> **EXERCISE**:
Please reproduce the entries below exactly from the line with "Handcrafted top colorful size L" through their last line, leaving out any pictures.

> **RECORD EXTRACTS**:

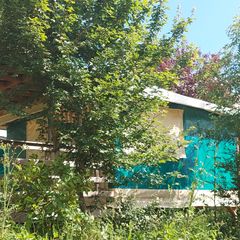 Camping Pas Cher vous présente avec son site Officiel campingpascher.fr, le Camping Bellevue classé 3 étoiles, situé sur la commune de Reilhaguet dans le département Lot (Midi-pyrénées) en France. Le camping Bellevue vous propose un hébergement de type bungalow toilé de 16 m² pour 2 personnes (télévision). L'établissement vous propose 5 autres types d'hébergements. Découvrez tous nos séjours à petits prix dans la commune et aux alentours de Reilhaguet du département : Lot (Midi-pyrénées). Les Avis clients pour le Camping Bellevue sont excellents avec une note moyenne de 8 sur 10. Piscine chauffée, Piscine extérieure, Aire de jeux enfants, Canoë-kayak, Centre équestre, Cyclisme, Ping-pong, Plongée, Pétanque, Randonnée, Structure gonflable enfants, Bar, Dépôt de pain, Plats à emporter, Snack/Bar, Supermarché, Épicerie,... En savoir plus : cliquez-ICI.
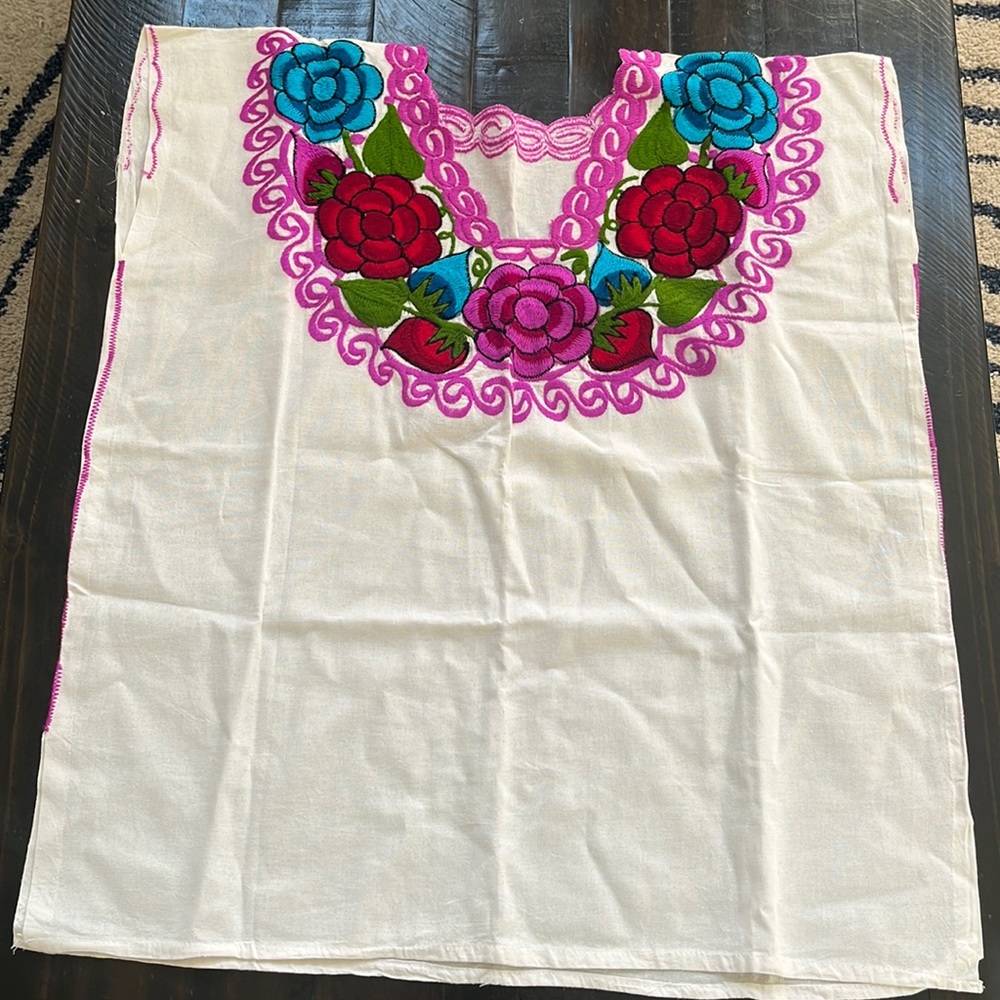 Handcrafted top colorful size L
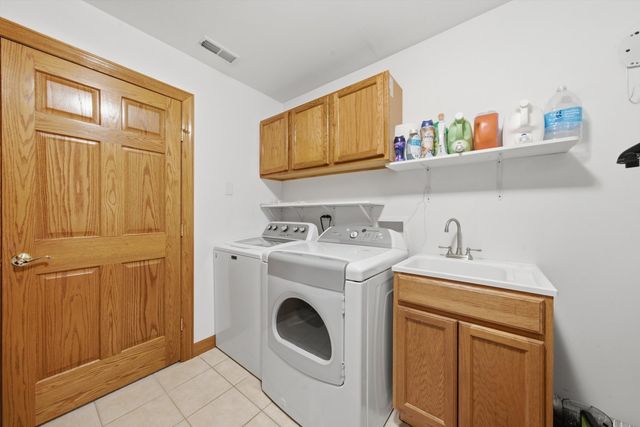 11555 S Elbridge Avenue, Palos Park, IL 60464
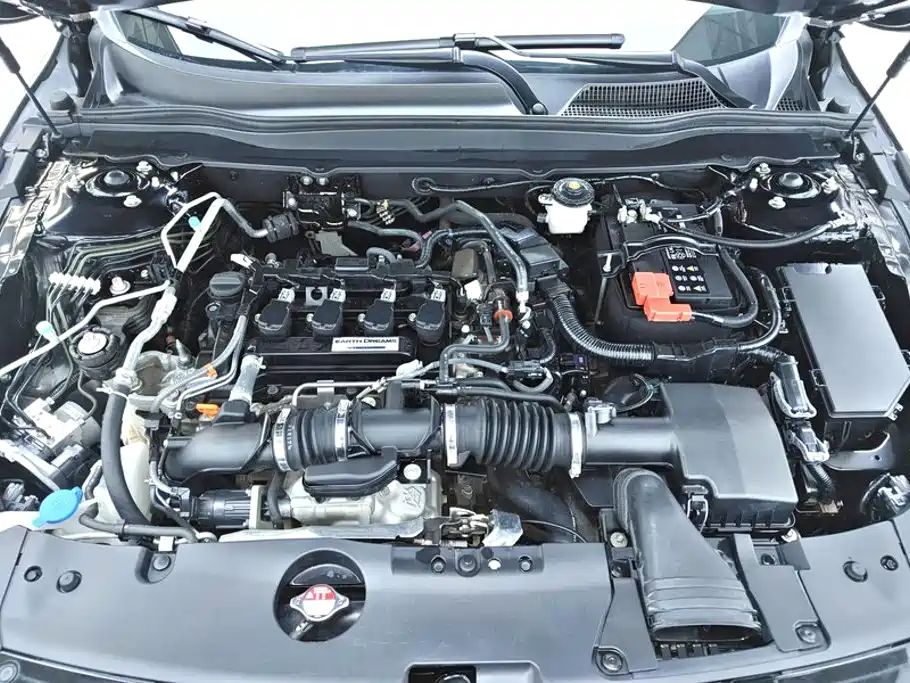 Honda Accord 2021 — фото 10
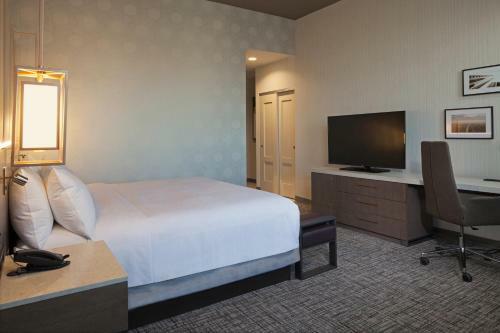 H Hotel Los Angeles, Curio Collection By Hilton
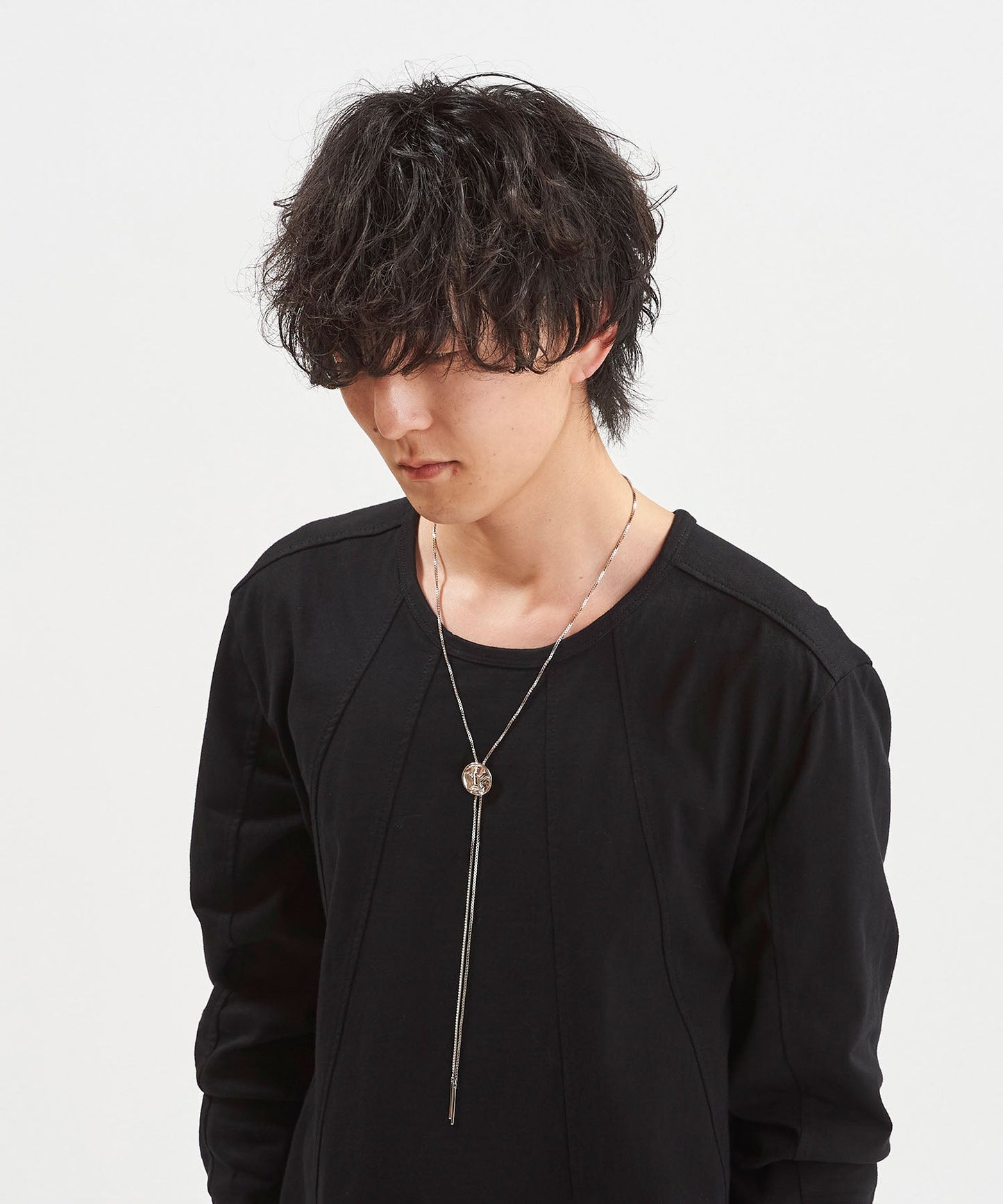 メタルループタイ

> **WRITTEN SOLUTION**:
 Handcrafted top colorful size L
 11555 S Elbridge Avenue, Palos Park, IL 60464
 Honda Accord 2021 — фото 10
 H Hotel Los Angeles, Curio Collection By Hilton
 メタルループタイ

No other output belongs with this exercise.